-- Stored data follows --
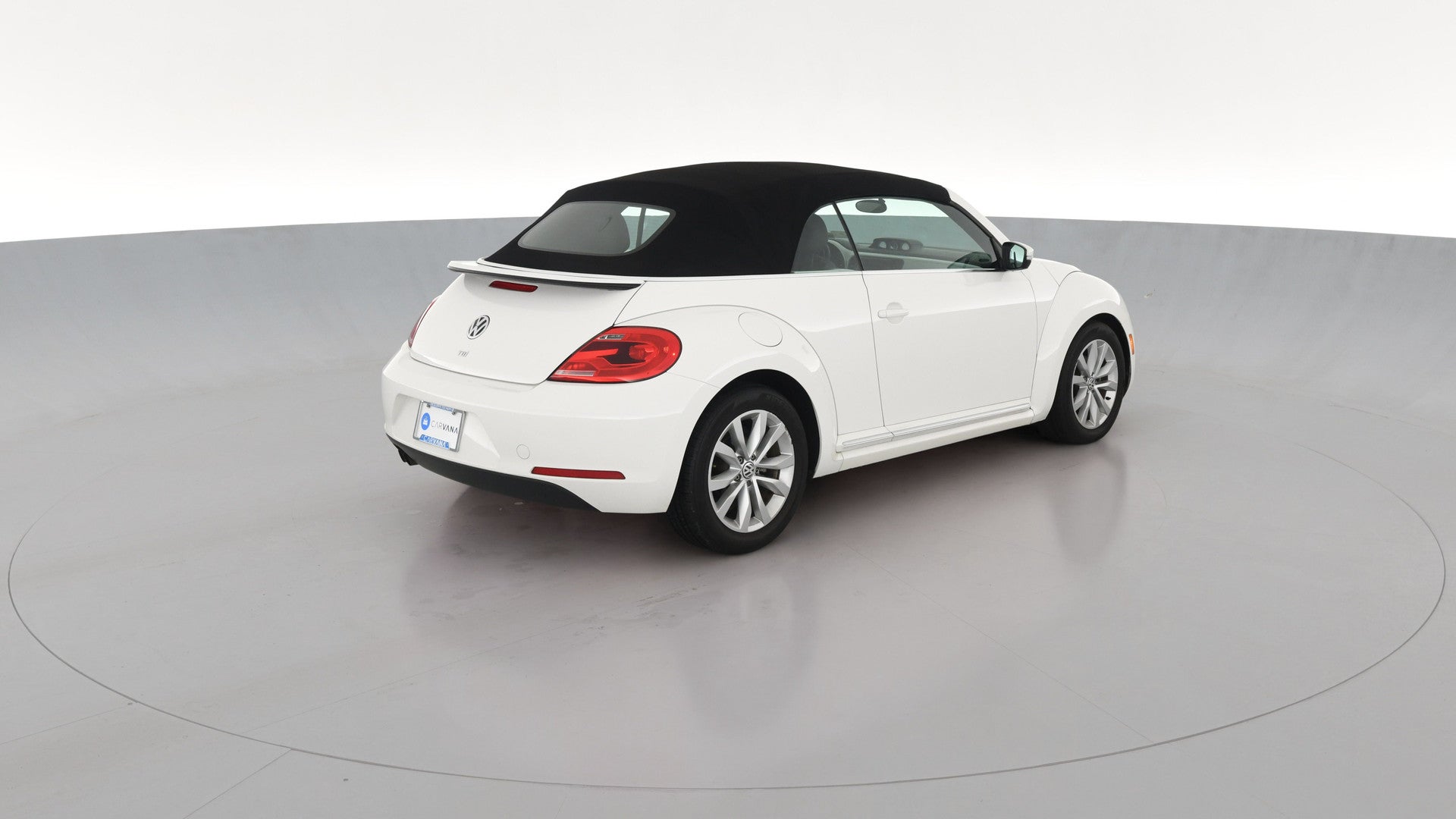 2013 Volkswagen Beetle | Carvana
-- Stored data concluded --
-- Stored data follows --
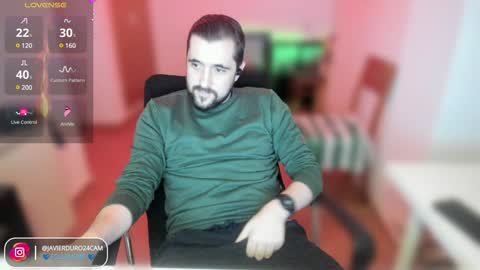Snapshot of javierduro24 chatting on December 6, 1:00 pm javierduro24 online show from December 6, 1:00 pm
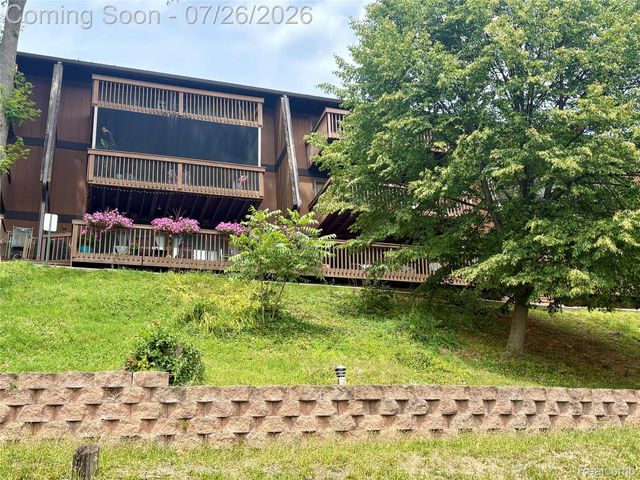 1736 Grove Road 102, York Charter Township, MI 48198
-- Stored data concluded --
-- Stored data follows --
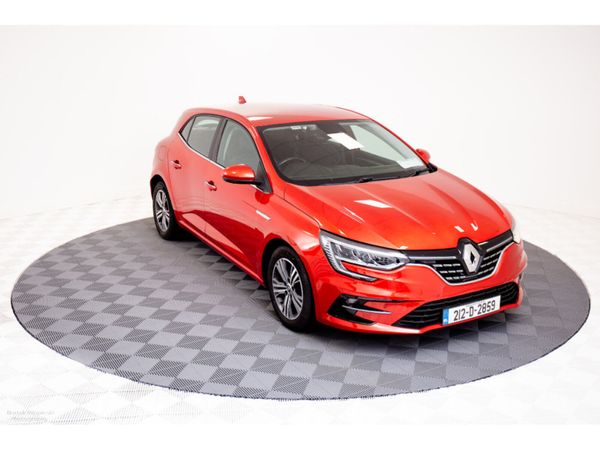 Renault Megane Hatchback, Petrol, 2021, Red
-- Stored data concluded --
> Assignment
What you return must match, character for character, the lines above from the one with "Snapshot of javierduro24" through the one with "1736 Grove Road", minus any pictures.

> Answer box
Snapshot of javierduro24 chatting on December 6, 1:00 pm javierduro24 online show from December 6, 1:00 pm
 1736 Grove Road 102, York Charter Township, MI 48198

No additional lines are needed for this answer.